What is needed: Your answer must be every line of the data below that holds the string "care", copied exactly.
====================
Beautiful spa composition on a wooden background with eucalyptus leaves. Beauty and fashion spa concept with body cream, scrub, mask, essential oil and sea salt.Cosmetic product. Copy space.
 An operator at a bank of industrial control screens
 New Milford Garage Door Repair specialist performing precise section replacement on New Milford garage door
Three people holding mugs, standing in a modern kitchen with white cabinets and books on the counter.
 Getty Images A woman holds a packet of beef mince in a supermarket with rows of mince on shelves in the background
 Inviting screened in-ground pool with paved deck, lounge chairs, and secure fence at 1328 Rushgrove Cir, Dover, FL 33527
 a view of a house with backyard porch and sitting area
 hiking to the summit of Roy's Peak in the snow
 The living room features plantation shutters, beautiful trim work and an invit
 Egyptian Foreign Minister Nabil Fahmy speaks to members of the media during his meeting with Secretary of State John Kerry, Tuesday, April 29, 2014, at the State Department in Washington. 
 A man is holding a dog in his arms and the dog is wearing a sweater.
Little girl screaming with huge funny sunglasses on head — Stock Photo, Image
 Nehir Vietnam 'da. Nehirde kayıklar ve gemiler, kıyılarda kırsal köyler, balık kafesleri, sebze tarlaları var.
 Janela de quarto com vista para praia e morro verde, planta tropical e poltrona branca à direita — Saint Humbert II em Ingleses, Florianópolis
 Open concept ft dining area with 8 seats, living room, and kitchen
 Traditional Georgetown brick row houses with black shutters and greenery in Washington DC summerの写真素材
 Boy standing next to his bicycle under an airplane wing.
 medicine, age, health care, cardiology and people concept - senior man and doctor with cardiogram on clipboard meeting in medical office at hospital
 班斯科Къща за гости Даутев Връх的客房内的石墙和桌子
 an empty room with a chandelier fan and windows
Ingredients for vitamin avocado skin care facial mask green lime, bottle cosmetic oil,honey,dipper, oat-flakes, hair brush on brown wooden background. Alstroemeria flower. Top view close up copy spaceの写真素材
====================
Task response:
 medicine, age, health care, cardiology and people concept - senior man and doctor with cardiogram on clipboard meeting in medical office at hospital
Ingredients for vitamin avocado skin care facial mask green lime, bottle cosmetic oil,honey,dipper, oat-flakes, hair brush on brown wooden background. Alstroemeria flower. Top view close up copy spaceの写真素材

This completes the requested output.